Daan Killemaes
Le lapsus révélateur de Mario Draghi
Mario Draghi, le président de la Banque Centrale européenne, laissait-il tout de même apparaître le fond de sa pensée ou était-ce un lapsus ?
“Une croissance nominale minimale du PIB comme objectif ? Nous n’en avons pas encore parlé. (court silence). Excusez-moi, ce ‘encore’, je l’ai dit en trop. Nous n’en avons pas parlé”, disait Mario Draghi à la fin de la conférence de presse après la réunion politique mensuelle de la BCE, jeudi.
Le petit lapsus de Draghi était symbolique. Les marchés financiers comptent sur une politique monétaire encore plus expansive ou encore plus expérimentale, mais la BCE ne répond pas (encore) dans ce sens. La prolongation du programme d’achat des actifs après mars 2017 ? Également l’achat d’actions ? Tendre vers un objectif d’inflation de 4 % ? L’argent ‘hélicoptère’ ? “Nous n’en parlons pas au conseil d’administration”, dit Mario Draghi.

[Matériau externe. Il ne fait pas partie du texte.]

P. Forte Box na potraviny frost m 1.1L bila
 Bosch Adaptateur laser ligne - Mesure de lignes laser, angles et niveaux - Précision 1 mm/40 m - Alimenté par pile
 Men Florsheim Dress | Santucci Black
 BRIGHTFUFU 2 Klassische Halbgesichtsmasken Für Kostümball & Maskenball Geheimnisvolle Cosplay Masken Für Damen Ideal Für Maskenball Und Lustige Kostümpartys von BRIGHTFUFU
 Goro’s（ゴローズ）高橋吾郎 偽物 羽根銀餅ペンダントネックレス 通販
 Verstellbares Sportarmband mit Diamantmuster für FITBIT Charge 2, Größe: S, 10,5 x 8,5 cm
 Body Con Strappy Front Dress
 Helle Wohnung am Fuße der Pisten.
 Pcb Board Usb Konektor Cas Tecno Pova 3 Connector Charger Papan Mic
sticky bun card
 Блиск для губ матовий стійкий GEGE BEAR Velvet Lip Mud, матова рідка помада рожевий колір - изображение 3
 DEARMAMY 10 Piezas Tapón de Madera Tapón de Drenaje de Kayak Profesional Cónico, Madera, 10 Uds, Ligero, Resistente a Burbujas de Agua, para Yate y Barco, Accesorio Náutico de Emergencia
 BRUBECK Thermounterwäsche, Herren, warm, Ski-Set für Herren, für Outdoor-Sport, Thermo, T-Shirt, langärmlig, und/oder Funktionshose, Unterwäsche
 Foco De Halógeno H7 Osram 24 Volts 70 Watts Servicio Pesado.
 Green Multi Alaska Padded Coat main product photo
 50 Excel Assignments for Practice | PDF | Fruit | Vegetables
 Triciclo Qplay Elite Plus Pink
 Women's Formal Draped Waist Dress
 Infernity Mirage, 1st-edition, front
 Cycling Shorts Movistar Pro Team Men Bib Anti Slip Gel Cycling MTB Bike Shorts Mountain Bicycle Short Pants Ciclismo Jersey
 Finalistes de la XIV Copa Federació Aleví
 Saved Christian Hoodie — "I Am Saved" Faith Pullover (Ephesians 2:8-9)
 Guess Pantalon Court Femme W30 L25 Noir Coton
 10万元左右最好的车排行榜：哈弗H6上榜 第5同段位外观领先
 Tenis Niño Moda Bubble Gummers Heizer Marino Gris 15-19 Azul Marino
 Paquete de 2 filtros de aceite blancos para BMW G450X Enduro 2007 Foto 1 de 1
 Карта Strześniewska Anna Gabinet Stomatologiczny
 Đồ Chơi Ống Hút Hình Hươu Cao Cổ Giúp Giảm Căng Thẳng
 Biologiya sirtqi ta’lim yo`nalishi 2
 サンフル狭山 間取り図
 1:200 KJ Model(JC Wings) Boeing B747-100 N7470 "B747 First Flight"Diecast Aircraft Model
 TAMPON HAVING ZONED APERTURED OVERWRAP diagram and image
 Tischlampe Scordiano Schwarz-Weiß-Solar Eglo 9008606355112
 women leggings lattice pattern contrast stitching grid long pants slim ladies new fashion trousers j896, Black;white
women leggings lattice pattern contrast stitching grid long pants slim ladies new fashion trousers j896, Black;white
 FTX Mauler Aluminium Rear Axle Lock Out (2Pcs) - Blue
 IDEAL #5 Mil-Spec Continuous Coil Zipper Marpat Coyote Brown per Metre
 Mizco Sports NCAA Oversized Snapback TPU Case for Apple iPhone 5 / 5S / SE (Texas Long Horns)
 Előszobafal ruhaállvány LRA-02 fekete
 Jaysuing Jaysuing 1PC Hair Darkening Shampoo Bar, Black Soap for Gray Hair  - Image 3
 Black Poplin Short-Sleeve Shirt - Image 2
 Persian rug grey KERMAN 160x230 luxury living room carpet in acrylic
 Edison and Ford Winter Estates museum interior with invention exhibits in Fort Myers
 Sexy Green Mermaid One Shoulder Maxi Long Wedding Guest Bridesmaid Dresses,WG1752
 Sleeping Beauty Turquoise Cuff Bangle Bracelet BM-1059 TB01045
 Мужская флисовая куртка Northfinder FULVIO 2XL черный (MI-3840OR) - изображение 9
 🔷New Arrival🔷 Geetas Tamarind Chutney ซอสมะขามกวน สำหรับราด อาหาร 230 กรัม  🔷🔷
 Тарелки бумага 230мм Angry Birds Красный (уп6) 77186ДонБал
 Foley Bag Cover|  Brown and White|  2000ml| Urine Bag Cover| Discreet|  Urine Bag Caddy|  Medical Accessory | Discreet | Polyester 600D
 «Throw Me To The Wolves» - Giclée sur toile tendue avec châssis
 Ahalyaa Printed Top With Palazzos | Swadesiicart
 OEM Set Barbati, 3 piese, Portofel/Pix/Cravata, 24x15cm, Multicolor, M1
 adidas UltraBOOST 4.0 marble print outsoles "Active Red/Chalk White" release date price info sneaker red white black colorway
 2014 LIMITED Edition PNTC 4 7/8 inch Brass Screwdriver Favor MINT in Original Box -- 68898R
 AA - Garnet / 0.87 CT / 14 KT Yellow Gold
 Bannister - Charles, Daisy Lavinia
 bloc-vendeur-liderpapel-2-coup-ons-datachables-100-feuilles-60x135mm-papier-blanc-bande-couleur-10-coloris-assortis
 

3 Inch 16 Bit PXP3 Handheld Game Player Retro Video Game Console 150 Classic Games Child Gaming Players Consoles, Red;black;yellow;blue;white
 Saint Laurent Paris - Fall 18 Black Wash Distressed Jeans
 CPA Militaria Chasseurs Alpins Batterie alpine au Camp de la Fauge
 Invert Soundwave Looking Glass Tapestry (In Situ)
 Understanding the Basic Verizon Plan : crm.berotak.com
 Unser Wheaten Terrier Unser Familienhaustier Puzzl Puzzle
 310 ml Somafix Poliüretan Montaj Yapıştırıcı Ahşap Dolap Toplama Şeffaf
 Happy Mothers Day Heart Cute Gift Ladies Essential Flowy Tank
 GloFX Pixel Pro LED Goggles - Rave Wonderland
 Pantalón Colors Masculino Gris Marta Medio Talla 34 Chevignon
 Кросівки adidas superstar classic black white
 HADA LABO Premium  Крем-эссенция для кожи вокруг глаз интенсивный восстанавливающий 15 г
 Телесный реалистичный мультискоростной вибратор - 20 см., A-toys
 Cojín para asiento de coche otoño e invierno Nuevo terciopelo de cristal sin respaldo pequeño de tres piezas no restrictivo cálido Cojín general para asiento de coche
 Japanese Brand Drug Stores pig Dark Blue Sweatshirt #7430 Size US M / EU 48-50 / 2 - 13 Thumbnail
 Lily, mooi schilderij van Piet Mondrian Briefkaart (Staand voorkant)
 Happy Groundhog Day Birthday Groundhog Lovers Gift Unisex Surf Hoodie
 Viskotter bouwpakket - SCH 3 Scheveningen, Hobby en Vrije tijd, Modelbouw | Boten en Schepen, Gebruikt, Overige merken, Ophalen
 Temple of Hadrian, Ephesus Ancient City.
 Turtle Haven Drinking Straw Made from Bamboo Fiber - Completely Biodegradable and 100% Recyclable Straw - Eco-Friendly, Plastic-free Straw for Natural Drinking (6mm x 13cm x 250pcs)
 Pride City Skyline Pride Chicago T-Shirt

Les perspectives ne s’améliorent pourtant pas. La BCE a ajusté les prévisions de croissance et d’inflation pour 2017 et 2018 légèrement à la baisse. L’objectif d’une inflation proche de 2 % reste hors de portée. Pourtant, la BCE regarde de quel côté vient le vent. Mario Draghi: “Pourquoi ne faisons-nous pas plus ? Parce que la politique actuelle fonctionne. Les faibles taux d’intérêt ruissellent jusqu’aux PME, jusque dans les familles, et ce dans tous les pays de l’euro. Les volumes des crédits augmentent et le refus du risque des banques diminue. Les bourses augmentent. Notre politique n’a jamais mieux fonctionné et a compensé, cette année, l’impact négatif de l’inquiétude au sujet de l’économie chinoise et du Brexit.”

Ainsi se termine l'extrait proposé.